### Problem requirements
From the line containing "Right here is" down to the last line of the listing, quote everything word for word, and nothing else, keeping pictures out.

### Dataset excerpt

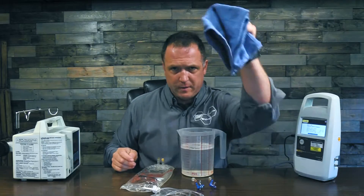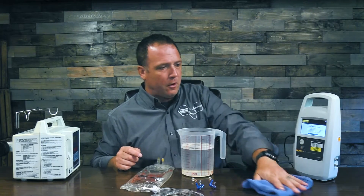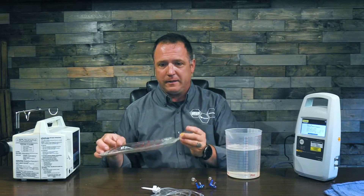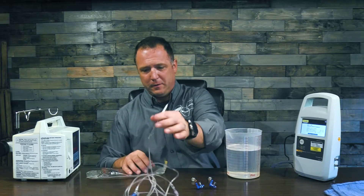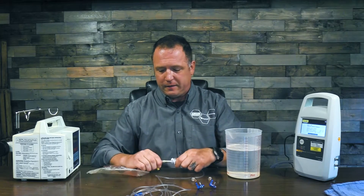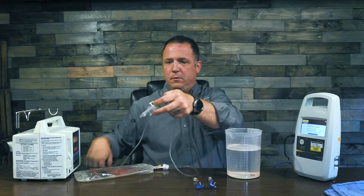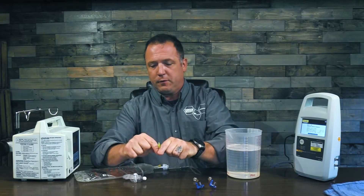Something else you might want is a nice clean rag because you're inevitably going to drip water all over your test bench in this process. Since I've already used this bag, I'm going to connect the test cassette to it before I fill it up so I don't get water all over the floor. I'll go ahead and connect it like so, make sure that my cassette is closed, and put the safety valve closed on it.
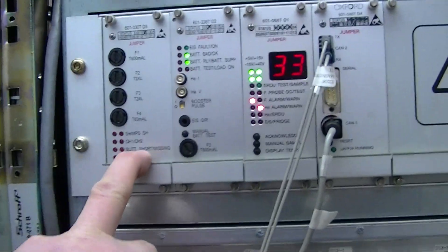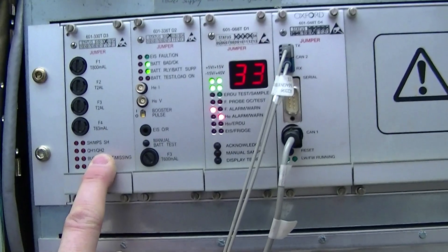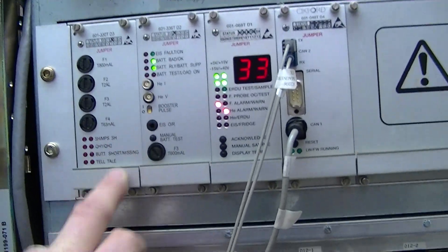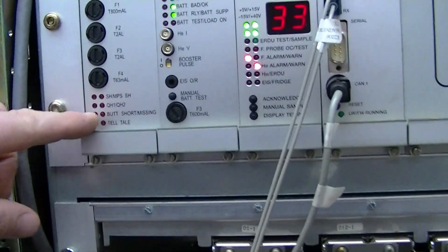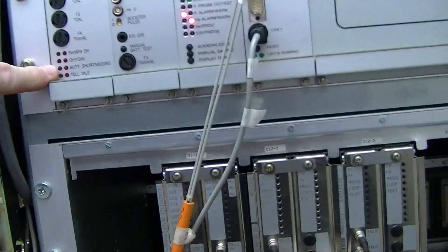Right here is called your D3 board. This is what monitors your quench heaters, switch heaters, and the magnet supervision. It also has what's called the telltale fuse. If the quench button was pushed, that light will come on.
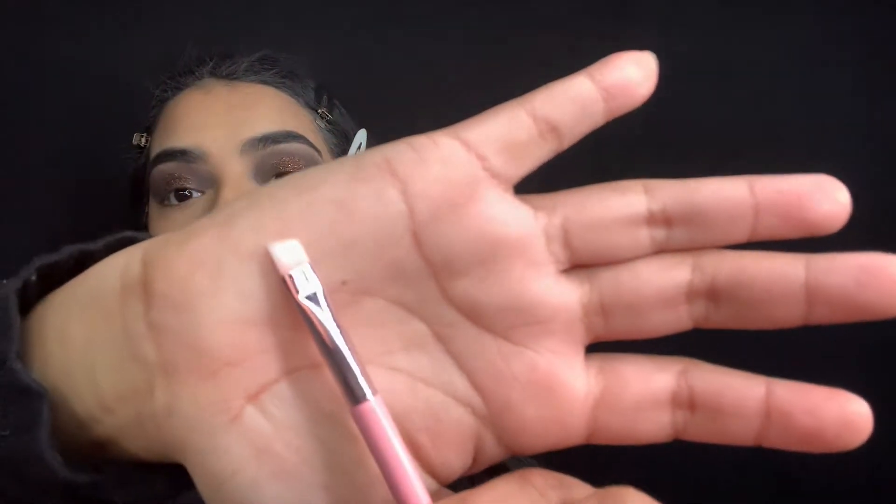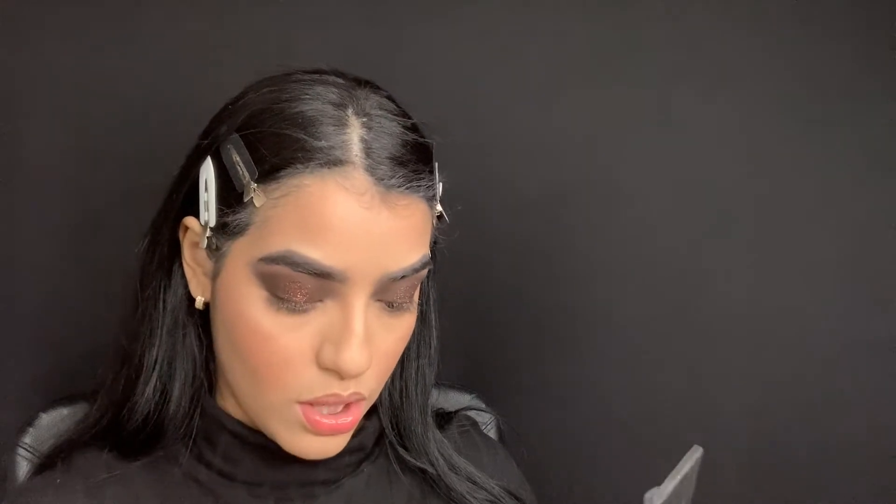I'm just going to go ahead and darken up my lower lash line. I'm a little scared because I don't want raccoon eyes, so I'm grabbing my Pure P100 flat angled brush and the shade 'Edgy' from the palette and running it along the lower lash line. I think the other shade is a little too dark for this.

### Solution for this problem
Right here is called your D3 board. This is what monitors your quench heaters, switch heaters, and the magnet supervision. It also has what's called the telltale fuse. If the quench button was pushed, that light will come on.
I'm just going to go ahead and darken up my lower lash line. I'm a little scared because I don't want raccoon eyes, so I'm grabbing my Pure P100 flat angled brush and the shade 'Edgy' from the palette and running it along the lower lash line. I think the other shade is a little too dark for this.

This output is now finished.